Hello,

My application using async function which can call Assistants API. When there are two requests sending to the same thread, it throws this error.

{'error': {'message': "Can't add messages to thread_Fmzxw5GjqKcFBaVeMeM2ozTF while a run run_6b3A7jCcFwHikdR9si409rCj is active.", 'type': 'invalid_request_error', 'param': None, 'code': None}}

At this points it seems that i can’t find a way to retrieve in_process runs so that i can wait until there is no in_process runs.
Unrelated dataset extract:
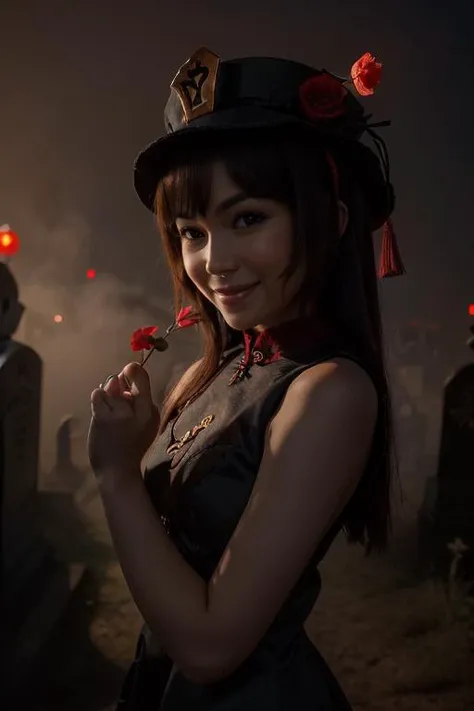 1girl, solo, portrait of cute hutao girl, black dress, red collar, Chinese graveyard, dim light, red little red flower on hat, dynamic paw pose, fog, spooky night, <lora:ARWHutao:1>, ((best quality)), ((masterpiece)), ((realistic)), (detailed), bokeh,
My code is simple, just like this.

async def send_openai(assistant_id, message, thread=None):
     if not thread: 
         thread = _openai.start_thread()
     _openai.beta.threads.messages.create(
                 thread_id=thread_id, role="user", content=message
     )
    run = _openai.beta.threads.runs.create(
            thread_id=thread,
            assistant_id=assistant_id,
            instructions="Some instruction",
        )
    while True:
            run = _openai.beta.threads.runs.retrieve(
                 thread_id=thread_id, run_id=run.id
            )
            run_status = _get_response_status(
               run
            )
            if run_status == "ok":
                return run
            if run_status == "failed":
                return None
            if run_status == "retry":
                await asyncio.sleep(10)

def get_response_status(data: Run) -> Literal["retry", "failed", "ok"]:
    if data.status in ("completed",):
        return "ok"
    if data.status in (
        "queue",
        "in_progress",
    ):
        return "retry"
    if data.status in (
        "requires_action",
        "cancelling",
        "cancelled",
        "failed",
        "expired",
    ):
        return "failed"

A thread is a “chat history” of a session.

It would make sense to lock out multiple runs using the same thread object, as you would get two different AI replies added, breaking conversational context and chat continuation based on previous inputs and responses.